A coin sized device has been created by security researches, with the ability to hack and clone contactless key cards used by staff to gain admittance to thousands of office premises globally.
The device is worth approx $10 and is small enough to go unnoticed, allowing it to be placed onto a scanning machine outside an office entrance without being acknowledged.
It acts similarly to an ATM card skimmer, except it piggybacks on top of an external radio-frequency identification (RFID) card reader rather than a cash machine.
The deficiencies of RFID access control systems have long been known, however little has/or is being done to address this issue.

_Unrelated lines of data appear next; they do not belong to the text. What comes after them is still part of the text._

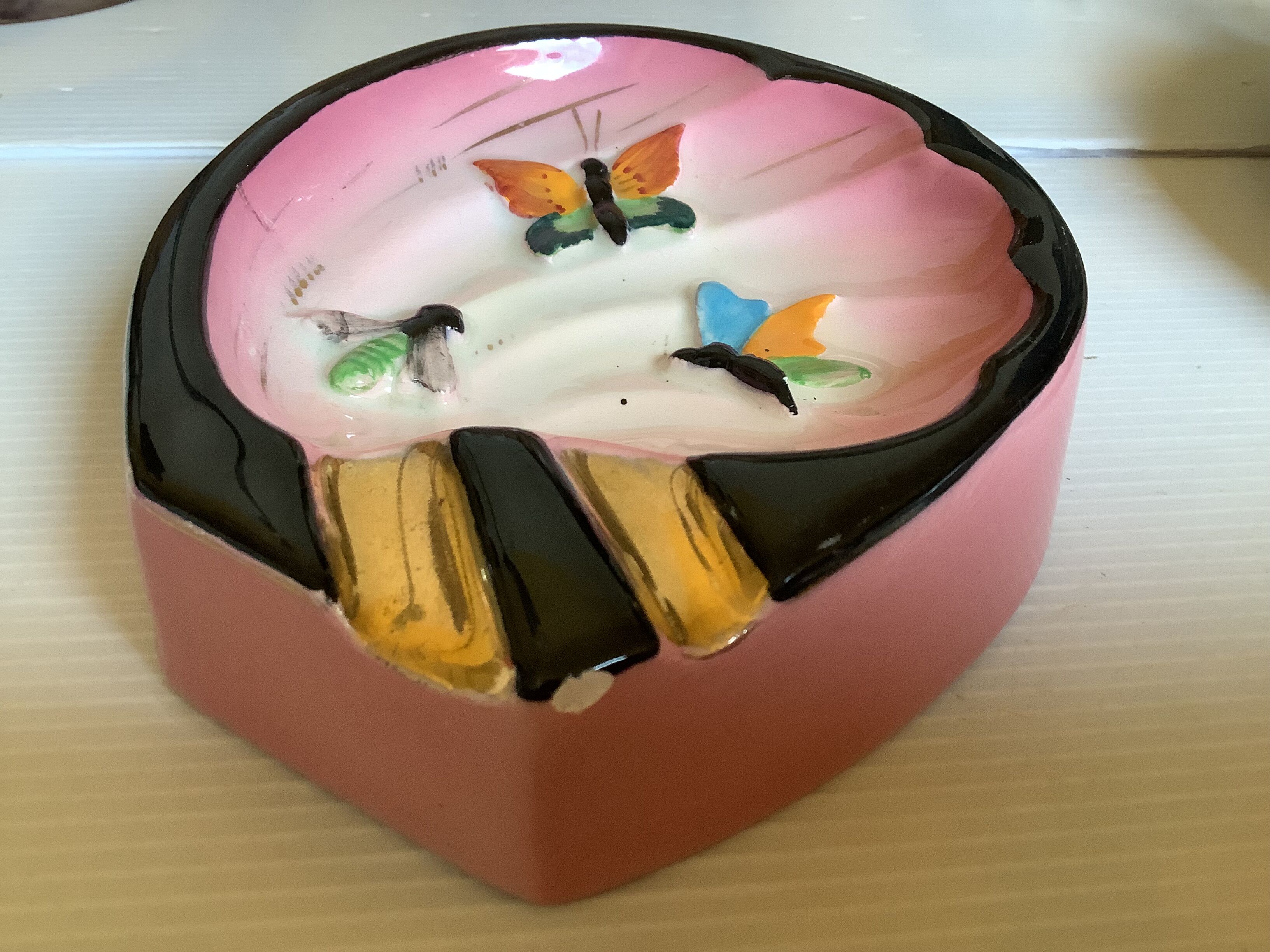Ashtray with butterflies Cerdazur Monaco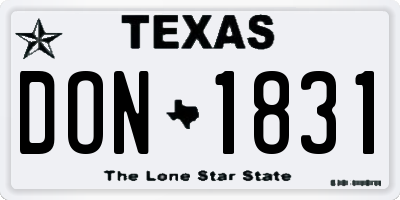 TX license plate DON1831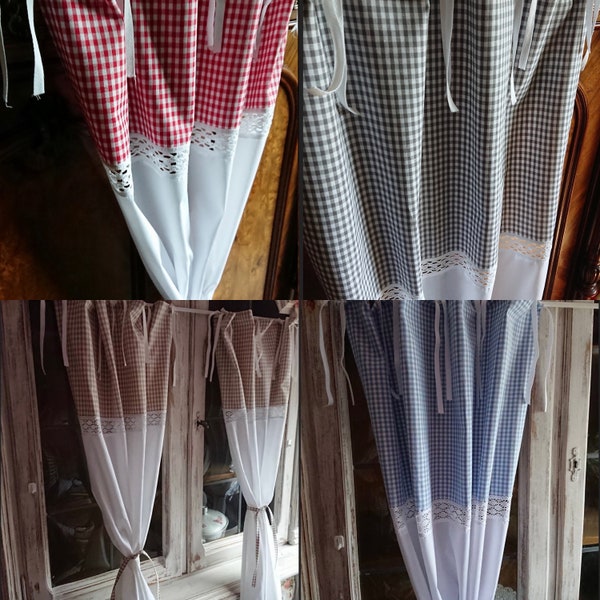2 curtains, scarves, checked, country house, shabby, color selection, made to measure, handwork
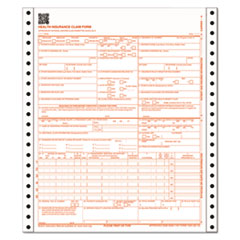 CMS Health Insurance Claim Form, Three-Part Carbonless, 9.5 x 11, 1/Page, Continuous, 100  Forms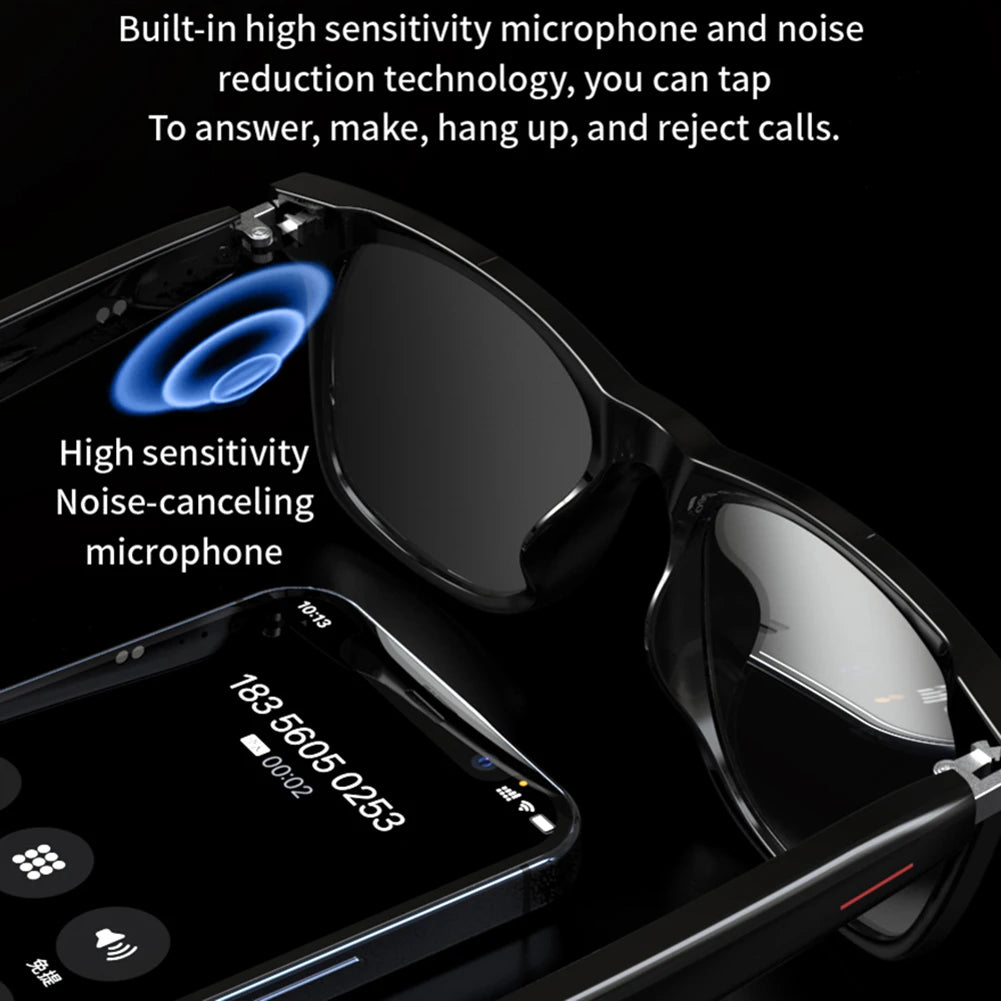 Camera Glasses Remote Shooting Outdoor Sport Glasses with Camera Open Ear Sound Mic & Speakers Wearable Eyeglass for Men & Woman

Security researchers Eric Evenchick and Mark Baseggio said “Do these companies not care about physical security, or do they not understand the implications of these weaknesses?”
They also said “We wanted to create a device that would concretely and absolutely show and hopefully put the final nail in the coffin [for this kind of technology],”
“These devices are no more secure than a standard key.”
This topic was discussed at the Chaos Communication Congress and DefCon hacking conferences in 2010 and 2014, where demonstrators displayed their ability to bypass RFID access controls, however this did not lead to improvement in security standards.
The $10 device by Baseggio and Evenchick’s can store data from up to 1,500 cards which can be sent to a smartphones and used to access buildings.
Users were also able to temporarily disable card readers for two minutes after they used a cloned card, preventing security personnel or anyone else from tracking them.
RFID devices are not necessarily unsecure, but there are loopholes in the technology.